The Tobacco Products Scientific Advisory Committee is tasked with determining how menthol cigarettes should be regulated and whether the science justifies an outright ban.
Sections of the report released earlier have concluded that the evidence doesn't prove menthol cigarettes are any more dangerous to health than other cigarettes, but that it is possible they are more addictive because the mint flavouring masks the harsh tobacco taste.
Many anti-smoking organisations hope the FDA will eventually ban menthols.
"Menthols should be banned, and that such a decision would be, in the words of the statute, 'appropriate for the protection of the public health'," said Ellen Vargyas, general counsel for the American Legacy Foundation, a Washington, DC-based advocacy organisation that was founded in 1999 with funding from the landmark Master Settlement Agreement between the tobacco industry and state governments.
"We think there are two key scientific underpinnings," Vargyas continued. "One is the link between menthol smoking and youth initiation. The science shows the younger and the newer the smoker the more likely they are to smoke menthols. The second very important reason is the science shows they make more quit attempts than non-menthol smokers, but they are less successful at quitting."
Menthol the most popular flavour
The efforts to more stringently regulate tobacco products come as a the result of the Family Smoking Prevention and Tobacco Control Act, signed into law by President Obama in June 2009. The law gave the FDA broad new powers to regulate the sale, marketing and content of tobacco products and directed the FDA to establish an advisory committee to review the science and make recommendations.
The law banned fruit and candy-like flavourings from cigarettes, but exempted menthol, by far the most popular flavour. Menthol accounts for 27% of all cigarettes sold in the United States in 2009, according to the FDA's report.
Instead, menthol became the Tobacco Products Scientific Advisory Committee's (TPSAC) first order of business.
The advisory committee is made up of nine voting members including physicians, scientists and public health experts. The tobacco industry is represented by three, non-voting members.

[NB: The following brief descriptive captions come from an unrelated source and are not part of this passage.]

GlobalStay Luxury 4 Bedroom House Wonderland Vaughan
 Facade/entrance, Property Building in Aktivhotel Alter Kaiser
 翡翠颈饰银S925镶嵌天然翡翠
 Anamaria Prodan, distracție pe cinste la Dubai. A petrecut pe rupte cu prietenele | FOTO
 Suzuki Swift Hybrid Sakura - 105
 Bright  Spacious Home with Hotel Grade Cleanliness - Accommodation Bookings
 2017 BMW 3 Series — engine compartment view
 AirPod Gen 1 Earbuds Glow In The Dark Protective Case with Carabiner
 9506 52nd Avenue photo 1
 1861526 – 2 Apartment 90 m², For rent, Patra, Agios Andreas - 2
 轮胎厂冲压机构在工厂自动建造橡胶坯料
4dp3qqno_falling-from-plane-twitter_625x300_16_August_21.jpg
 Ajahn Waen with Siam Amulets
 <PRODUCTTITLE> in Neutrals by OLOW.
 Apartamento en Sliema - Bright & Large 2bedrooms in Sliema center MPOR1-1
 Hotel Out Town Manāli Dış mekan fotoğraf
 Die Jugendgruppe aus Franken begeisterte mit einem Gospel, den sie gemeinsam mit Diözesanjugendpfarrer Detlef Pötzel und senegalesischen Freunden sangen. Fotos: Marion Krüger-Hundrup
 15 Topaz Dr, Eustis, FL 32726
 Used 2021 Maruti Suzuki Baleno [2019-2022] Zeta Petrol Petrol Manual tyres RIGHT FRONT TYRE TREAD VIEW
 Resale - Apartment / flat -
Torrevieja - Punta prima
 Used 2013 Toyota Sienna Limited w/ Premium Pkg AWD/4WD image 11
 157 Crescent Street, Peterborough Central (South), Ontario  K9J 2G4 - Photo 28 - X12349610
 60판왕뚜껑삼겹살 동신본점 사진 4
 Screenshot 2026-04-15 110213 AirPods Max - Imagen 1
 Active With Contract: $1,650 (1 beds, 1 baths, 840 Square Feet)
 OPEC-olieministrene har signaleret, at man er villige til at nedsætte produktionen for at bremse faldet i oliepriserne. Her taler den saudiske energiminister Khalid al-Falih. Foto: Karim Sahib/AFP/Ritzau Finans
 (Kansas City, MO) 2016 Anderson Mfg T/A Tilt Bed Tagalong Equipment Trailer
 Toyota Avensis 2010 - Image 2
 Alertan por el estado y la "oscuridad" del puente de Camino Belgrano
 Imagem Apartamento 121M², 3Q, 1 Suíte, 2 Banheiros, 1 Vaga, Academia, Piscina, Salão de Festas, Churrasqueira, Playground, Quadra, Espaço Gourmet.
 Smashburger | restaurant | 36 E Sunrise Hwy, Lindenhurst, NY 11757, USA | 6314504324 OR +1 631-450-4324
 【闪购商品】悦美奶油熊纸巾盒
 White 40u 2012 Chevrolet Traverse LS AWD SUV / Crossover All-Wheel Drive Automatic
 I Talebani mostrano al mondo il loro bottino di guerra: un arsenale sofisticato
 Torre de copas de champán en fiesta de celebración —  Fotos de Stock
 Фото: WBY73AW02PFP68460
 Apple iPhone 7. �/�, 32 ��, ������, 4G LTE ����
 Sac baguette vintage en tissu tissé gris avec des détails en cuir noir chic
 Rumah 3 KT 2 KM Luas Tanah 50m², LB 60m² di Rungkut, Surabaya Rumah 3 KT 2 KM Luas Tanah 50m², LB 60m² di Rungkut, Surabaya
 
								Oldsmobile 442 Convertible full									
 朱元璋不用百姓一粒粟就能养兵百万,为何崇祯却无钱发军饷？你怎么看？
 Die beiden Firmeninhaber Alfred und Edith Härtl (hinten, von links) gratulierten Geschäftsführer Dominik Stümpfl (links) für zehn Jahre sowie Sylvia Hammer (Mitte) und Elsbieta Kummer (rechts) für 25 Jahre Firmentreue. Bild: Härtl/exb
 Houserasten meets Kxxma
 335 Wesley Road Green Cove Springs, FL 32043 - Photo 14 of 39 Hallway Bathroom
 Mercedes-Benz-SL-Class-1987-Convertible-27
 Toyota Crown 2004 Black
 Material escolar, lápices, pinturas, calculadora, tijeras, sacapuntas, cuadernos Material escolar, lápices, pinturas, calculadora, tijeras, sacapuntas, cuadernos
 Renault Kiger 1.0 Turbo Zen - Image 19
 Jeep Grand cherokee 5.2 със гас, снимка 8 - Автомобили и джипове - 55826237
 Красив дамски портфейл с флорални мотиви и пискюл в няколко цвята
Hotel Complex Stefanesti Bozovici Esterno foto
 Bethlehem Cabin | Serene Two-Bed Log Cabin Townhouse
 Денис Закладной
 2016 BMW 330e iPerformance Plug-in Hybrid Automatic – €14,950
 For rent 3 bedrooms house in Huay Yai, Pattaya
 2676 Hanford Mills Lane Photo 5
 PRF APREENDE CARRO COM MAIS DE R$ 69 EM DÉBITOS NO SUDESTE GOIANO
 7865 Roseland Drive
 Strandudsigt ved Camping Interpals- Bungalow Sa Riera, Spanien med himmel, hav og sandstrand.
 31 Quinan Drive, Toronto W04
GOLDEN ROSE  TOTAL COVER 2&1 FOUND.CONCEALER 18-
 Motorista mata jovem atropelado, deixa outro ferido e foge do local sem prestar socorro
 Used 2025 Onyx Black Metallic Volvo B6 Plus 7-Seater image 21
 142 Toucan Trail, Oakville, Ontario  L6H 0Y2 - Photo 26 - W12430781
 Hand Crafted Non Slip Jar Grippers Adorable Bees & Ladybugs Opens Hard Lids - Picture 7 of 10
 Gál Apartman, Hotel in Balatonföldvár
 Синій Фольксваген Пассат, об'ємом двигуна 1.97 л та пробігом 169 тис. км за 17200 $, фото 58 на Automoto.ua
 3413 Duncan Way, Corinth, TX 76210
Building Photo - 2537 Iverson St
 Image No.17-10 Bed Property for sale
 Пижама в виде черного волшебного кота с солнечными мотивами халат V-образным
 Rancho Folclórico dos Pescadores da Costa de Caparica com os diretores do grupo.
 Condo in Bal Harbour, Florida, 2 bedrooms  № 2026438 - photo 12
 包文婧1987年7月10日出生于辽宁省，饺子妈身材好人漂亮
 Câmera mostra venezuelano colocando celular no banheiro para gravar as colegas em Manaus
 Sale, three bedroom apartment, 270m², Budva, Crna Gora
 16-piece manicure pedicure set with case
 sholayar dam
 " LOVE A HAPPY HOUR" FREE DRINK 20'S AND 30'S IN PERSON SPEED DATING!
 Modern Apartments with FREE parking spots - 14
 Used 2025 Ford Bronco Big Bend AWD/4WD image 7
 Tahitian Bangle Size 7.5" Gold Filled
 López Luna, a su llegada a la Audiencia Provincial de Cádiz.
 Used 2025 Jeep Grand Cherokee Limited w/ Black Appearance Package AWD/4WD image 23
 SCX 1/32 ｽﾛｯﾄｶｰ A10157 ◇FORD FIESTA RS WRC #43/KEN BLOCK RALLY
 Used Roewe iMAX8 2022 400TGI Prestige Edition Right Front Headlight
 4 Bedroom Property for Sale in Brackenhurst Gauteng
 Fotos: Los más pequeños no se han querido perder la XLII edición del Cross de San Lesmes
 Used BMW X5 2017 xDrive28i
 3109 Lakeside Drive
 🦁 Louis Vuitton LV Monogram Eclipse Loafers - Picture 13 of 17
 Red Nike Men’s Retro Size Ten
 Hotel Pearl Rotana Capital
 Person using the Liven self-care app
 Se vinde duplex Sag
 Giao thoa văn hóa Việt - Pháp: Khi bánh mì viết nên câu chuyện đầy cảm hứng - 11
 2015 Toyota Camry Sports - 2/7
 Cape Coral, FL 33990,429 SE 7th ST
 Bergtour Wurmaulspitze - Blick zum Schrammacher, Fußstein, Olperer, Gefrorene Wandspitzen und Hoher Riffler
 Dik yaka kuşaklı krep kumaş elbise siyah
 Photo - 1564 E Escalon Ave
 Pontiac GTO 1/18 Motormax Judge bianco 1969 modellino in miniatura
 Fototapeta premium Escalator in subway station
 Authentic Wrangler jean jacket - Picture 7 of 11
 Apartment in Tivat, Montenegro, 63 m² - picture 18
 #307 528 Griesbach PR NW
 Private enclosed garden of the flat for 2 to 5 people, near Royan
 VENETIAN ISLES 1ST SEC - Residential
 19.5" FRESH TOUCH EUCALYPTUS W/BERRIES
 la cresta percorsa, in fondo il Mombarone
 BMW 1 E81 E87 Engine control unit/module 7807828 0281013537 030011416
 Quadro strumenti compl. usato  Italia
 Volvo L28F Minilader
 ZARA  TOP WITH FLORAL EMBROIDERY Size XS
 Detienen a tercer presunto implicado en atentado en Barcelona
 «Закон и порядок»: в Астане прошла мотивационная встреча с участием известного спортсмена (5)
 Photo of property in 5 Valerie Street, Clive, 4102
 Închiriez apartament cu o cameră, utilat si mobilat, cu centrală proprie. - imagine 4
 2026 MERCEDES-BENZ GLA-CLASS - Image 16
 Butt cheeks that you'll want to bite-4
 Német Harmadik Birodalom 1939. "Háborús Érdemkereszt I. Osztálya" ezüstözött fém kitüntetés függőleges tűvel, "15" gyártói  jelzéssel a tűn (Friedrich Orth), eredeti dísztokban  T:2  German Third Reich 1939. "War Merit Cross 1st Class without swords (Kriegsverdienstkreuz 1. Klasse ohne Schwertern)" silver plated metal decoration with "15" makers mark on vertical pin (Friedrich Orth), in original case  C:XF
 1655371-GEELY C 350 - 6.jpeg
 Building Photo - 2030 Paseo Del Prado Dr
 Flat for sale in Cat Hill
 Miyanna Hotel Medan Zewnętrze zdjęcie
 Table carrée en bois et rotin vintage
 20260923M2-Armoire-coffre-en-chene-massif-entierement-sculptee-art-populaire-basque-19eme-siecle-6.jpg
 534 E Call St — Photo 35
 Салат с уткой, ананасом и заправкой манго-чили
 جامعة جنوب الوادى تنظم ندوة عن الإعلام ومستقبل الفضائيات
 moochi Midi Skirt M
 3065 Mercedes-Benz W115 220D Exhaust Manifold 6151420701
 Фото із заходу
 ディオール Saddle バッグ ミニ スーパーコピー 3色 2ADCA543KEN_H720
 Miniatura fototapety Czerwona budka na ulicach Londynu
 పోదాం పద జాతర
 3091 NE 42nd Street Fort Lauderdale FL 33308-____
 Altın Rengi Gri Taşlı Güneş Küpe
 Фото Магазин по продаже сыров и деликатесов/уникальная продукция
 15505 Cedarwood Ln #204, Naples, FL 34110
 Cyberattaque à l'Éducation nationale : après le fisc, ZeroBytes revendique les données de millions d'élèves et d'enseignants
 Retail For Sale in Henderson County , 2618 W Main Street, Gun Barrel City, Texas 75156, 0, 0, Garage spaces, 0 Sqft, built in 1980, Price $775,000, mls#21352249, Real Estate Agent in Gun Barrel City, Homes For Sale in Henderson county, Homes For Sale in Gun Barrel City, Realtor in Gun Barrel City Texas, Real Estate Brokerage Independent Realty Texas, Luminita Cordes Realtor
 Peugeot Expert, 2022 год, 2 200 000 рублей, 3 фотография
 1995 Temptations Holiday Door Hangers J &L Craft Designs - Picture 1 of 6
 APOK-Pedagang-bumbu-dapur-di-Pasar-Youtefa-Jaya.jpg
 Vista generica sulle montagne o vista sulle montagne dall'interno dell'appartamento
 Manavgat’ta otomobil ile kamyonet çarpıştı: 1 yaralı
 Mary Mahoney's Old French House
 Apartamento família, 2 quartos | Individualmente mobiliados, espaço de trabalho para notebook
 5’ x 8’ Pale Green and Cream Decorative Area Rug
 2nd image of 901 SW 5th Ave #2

Among the questions the committee is considering: Are menthol cigarettes more harmful than regular cigarettes? Does the mint flavour encourage youth to start smoking? Are cigarettes containing menthol harder to quit?
The important questions
Although the advisory committee has said the science doesn't show that menthols are more dangerous to health, that's not the most important question, said Vargyas, of the American Legacy Foundation. The foundation's mission includes making smoking prevention and cessation programmes widely available.
"The tobacco industry wants to answer a particular question: Are menthol cigarettes more dangerous to individual established smokers? The answer to that question is that the scientific evidence does not establish that menthol carries greater risks for the individual, established smoker," Vargyas said. "The more important question is the impact of menthol on initiation and cessation."
When the committee's conclusions are released, which is expected to occur by March 23, menthol regulation will enter into a lengthy rule-making process, in which the FDA would begin crafting a proposed rule and the public and the tobacco industry would be given time to weigh in.
One of the suggested tactics for making cigarettes less addictive is to prohibit nicotine in cigarettes. According to the tobacco control law, the FDA cannot reduce levels to zero, but it may be able to sharply curtail nicotine.